**About this exercise:** Only the lines from the one with "Vintage riding crop" to the end of the data below should be given again, exactly, with both ends included and pictures omitted.

─── Supplied material ───

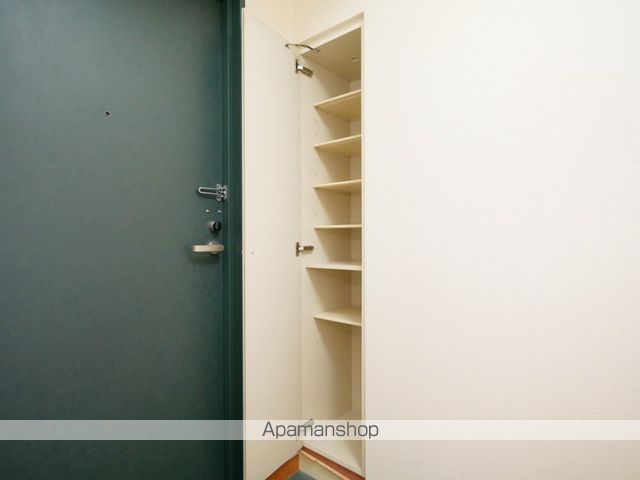 CANVASSすすきのの内装写真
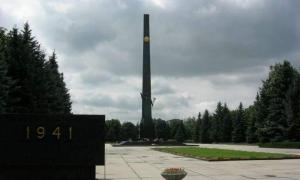 Меморіал Слави у Луцьку перейменували ще 2007-го, але рішення не виконується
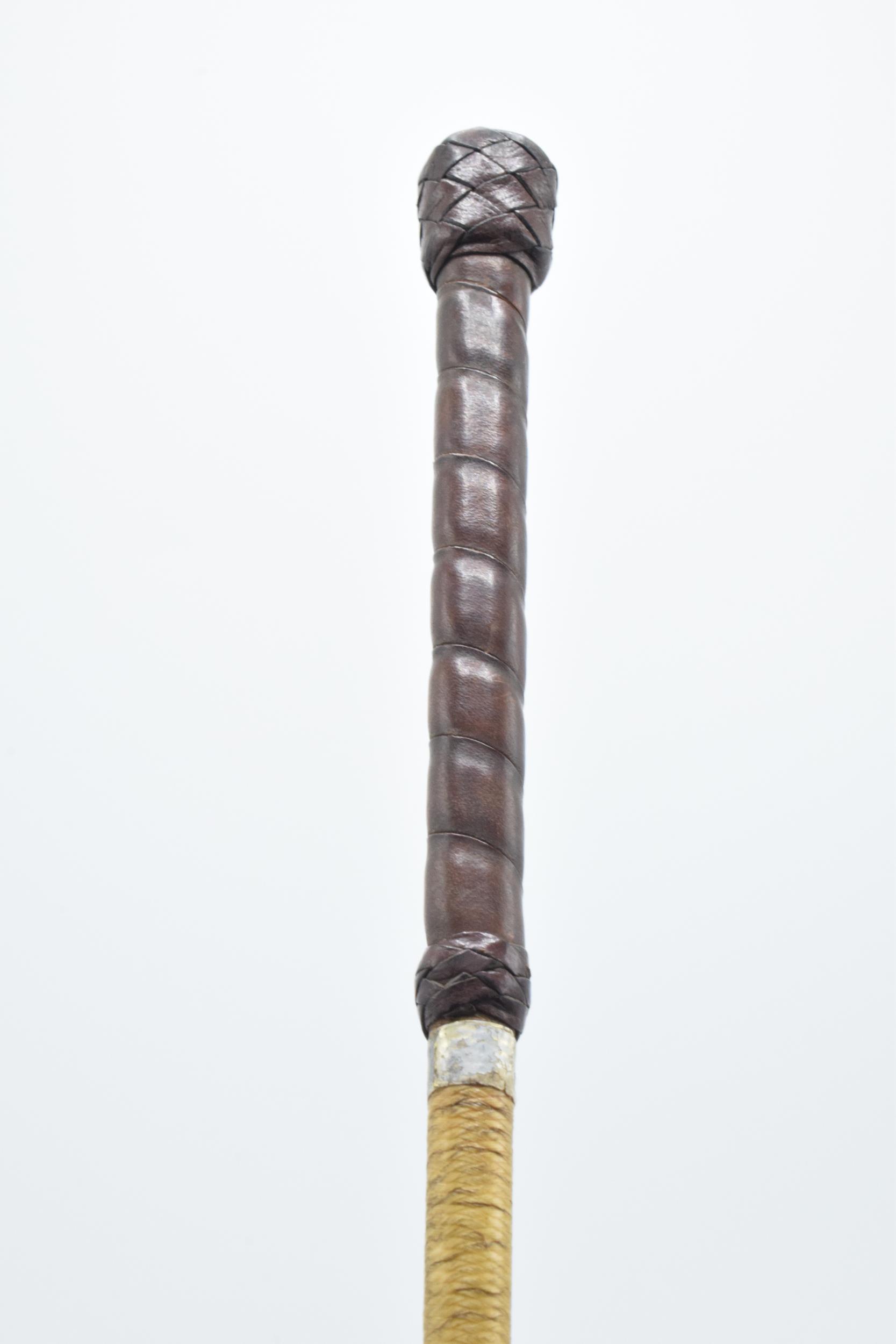 Vintage riding crop with leather handle, 81cm long. - Image 2 of 7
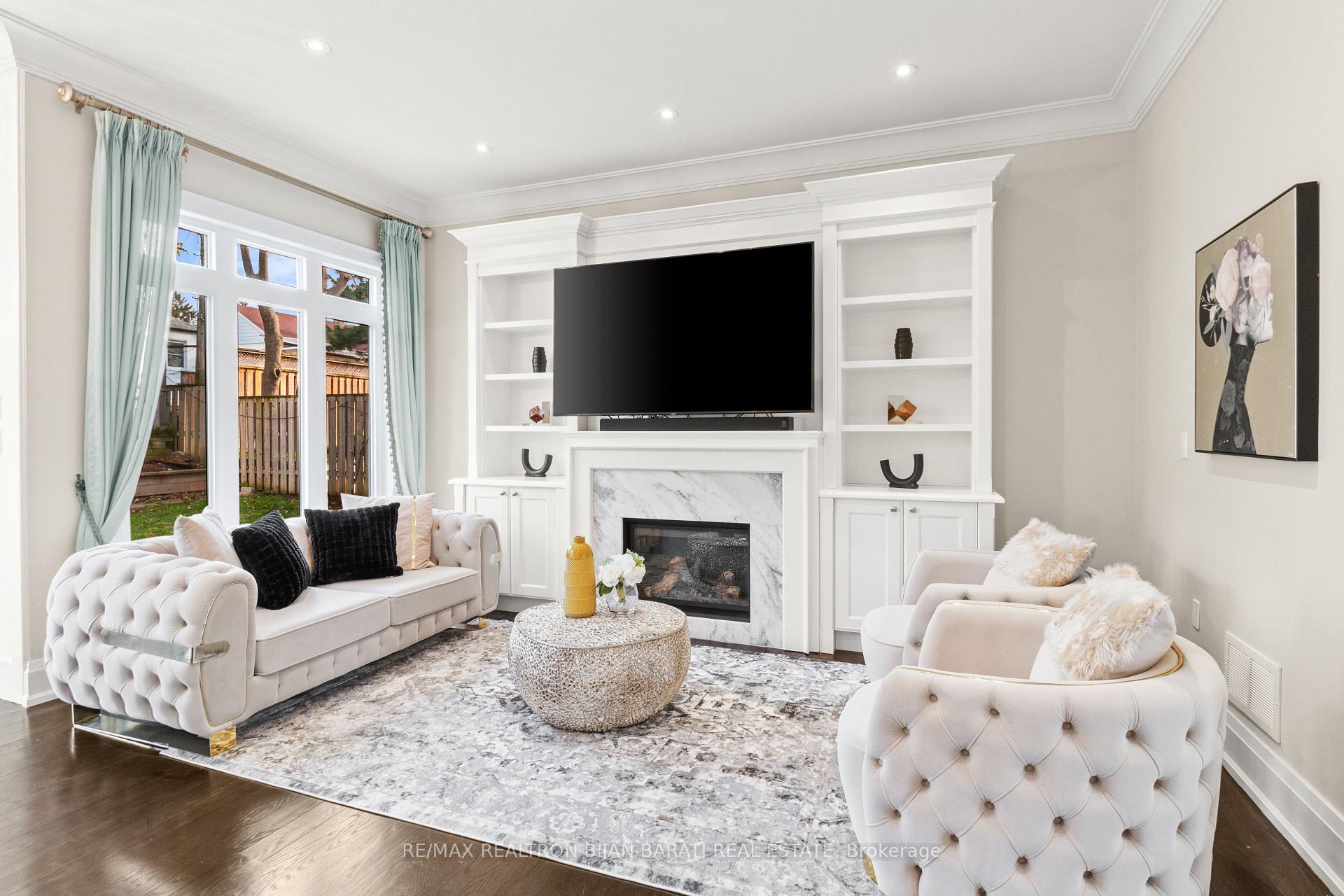 Photo 2 of 61 Meadowview Avenue, Markham, Grandview — HOMEH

───

**Result of the task:**
 Vintage riding crop with leather handle, 81cm long. - Image 2 of 7
 Photo 2 of 61 Meadowview Avenue, Markham, Grandview — HOMEH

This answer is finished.